L’acqua fece tutto il lavoro, in verità, scoperchiando una tomba antica. Mio cugino ci mise accidentalmente il piede dentro e così, tra l’erba secca, bagnata dal temporale, iniziò la mia avventura. Il buco era stretto, l’ingresso era parzialmente occluso da un cumulo di terra, frutto del lavoro di una volpe che aveva eletto a dimora quell’antica grotticella.
Dentro trovammo della ceramica, delle pietre lavorate e un teschio che ci terrorizzò così tanto da spingerci a fuggire così velocemente da superare ogni record di velocità nella corsa campestre. Credo che teschio, ceramica e, ora lo so, antiche Dee Madri, siano ancora lì, sepolti nel limo.

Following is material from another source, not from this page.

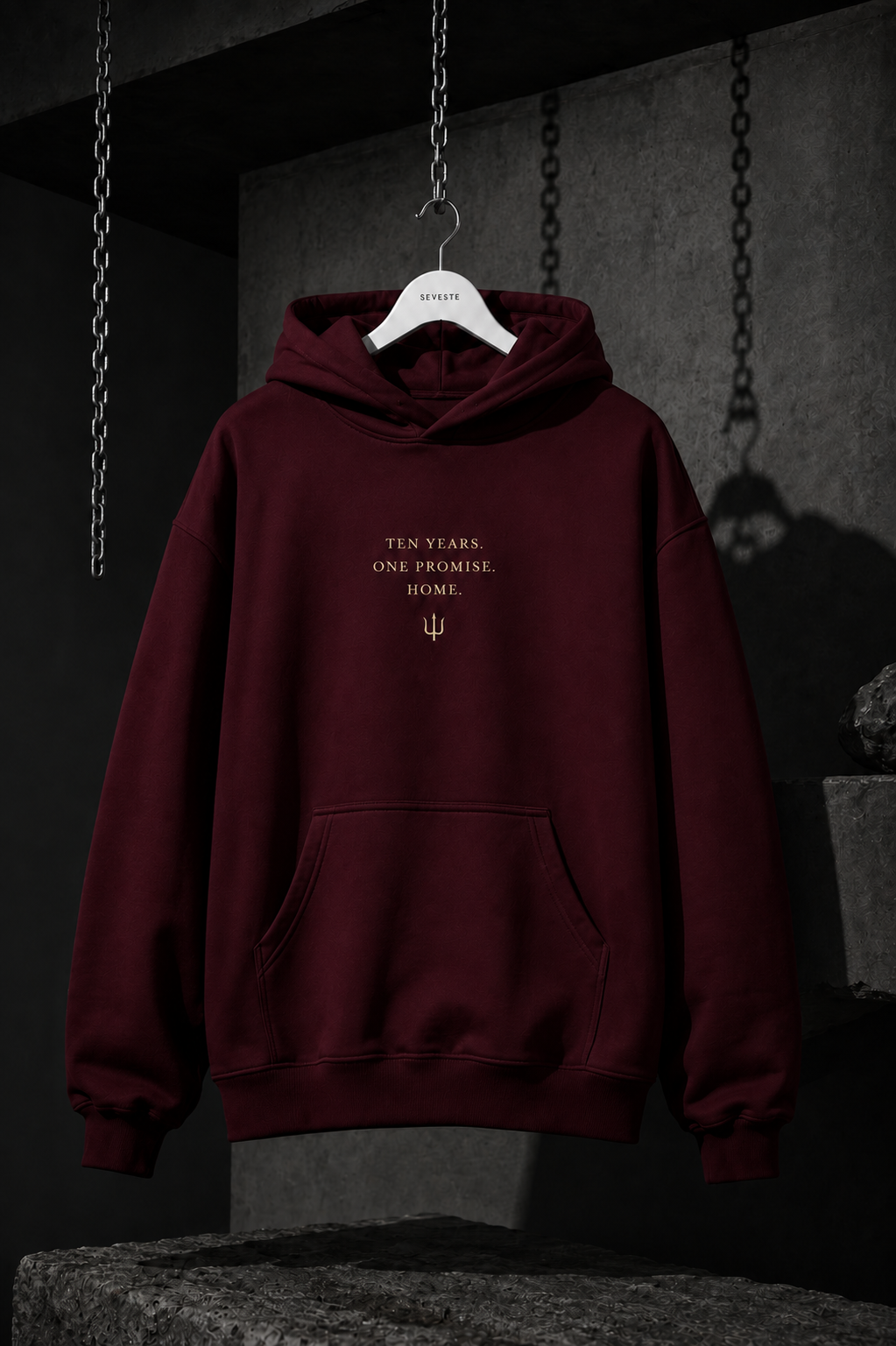 The Odyssey Oversized Hooded Sweatshirt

Poi, seguendo le indicazioni di mio padre che conosceva perfettamente i dintorni del paesello dove sono nato, ormai grande, vidi il cimitero, enorme, dei legionari romani che, di stanza a Castrum, morivano come mosche, di malaria o per gli agguati dei Balari, fieri signori del territorio, dalle mie parti.
Poi la lapide del Signifer, che la leggenda vuole sia stato l’amante di Atte, a sua volta amante e liberta di Nerone, lapide mortuaria a lui dedicata, appunto, da Atte. Signifer della II coorte dei Liguri, morto in battaglia a pochi metri dall’attuale cimitero di Tula.

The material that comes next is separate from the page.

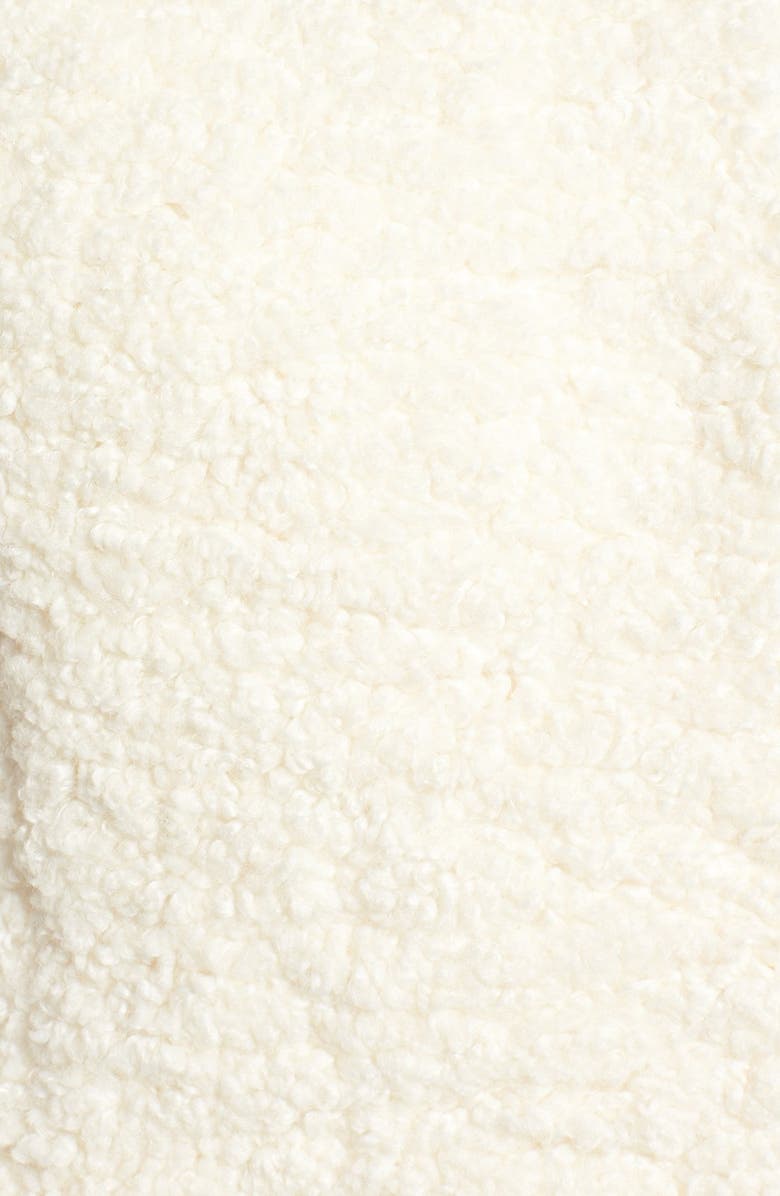 Ivanka Trump Textured Faux Fur Coat, Alternate, color,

E la Tomba dei Giganti, costruita allungando un antichissimo Dolmen, tomba a cui l’antico Sopraintendente di Sassari, l’indimenticabile Francesco Nicosia, voleva dare il mio nome. Tutto grazie ai racconti dei vecchi.
E poi la nonna, che mi raccontava le fiabe di Processioni dei Morti, nelle notti attorno al 24 giugno, processione che lei giurava di avere incrociato, una notte ventosa d’inizio estate e di essere stata rimandata a casa da una sua parente, morta da tempo, con un benevolo “Questa non è per te, la Processione. Torna a casa!” E i racconti sulle Cogas, le Vampire sarde, che succhiavano il sangue dei bambini.
E le minacce, Maria Fressada, che soffoca chi non dorme, il pomeriggio delle roventi giornate della stagione calda. E il Signore delle Mosche che comanda alle sue suddite di divorarti, se “faghes su fizzu malu” se sei cattivo.
E le Strie, che ti fanno i malefici, mentre le Majalzas te li tolgono. Poi il Rito dei Riti, la “cattura” dei fuochi fatui, al cimitero, in una calda notte di luglio.
Provate voi a catturare una fiammella che danza sopra una tomba, sotto la pallida luce della Luna piena. Molti fuggono, tutti, lo confessino o meno, hanno paura. Ma bisognava fare anche questo, per diventare uomini di valore, nella Sardegna di qualche decennio orsono.

Poi sono cresciuto ma ancora vedo, in ogni Nuraghe, i Giganti che lo costruirono ancora al lavoro, nelle Domus, eterna dimora dei miei antenati, la casa delle Fate, intente a filare i loro preziosi tessuti.
Confesso che, ancora oggi, come mi hanno insegnato mio nonno e mio padre, porto con me una manciata di grano, da offrire alle poche Fate rimaste. Un chicco di grano davanti ad ogni Domus, per farle vivere un anno intero. Lascio il grano davanti alle groticelle più celate, perché le Fate sono esseri timidi e si nascondono lontane dagli Uomini, sempre di meno, sempre in luoghi più impervi. Nelle Tombe dei Giganti immagino le grandi ossa dei mitici Costruttori di Torri, quelli che tennero prigioniero Cronos, all’inizio dei secoli.
Anche l’Archeologia, in Sardegna, ha un sapore diverso: il sapore dei ricordi.
E voi, quando visiterete un monumento qualsiasi, in questa antica terra, se c’è un vecchio lì accanto, chiedetegli di chi abita quelle rovine. Tutte hanno una leggenda, un padrone, un fantasma a tenerle vive.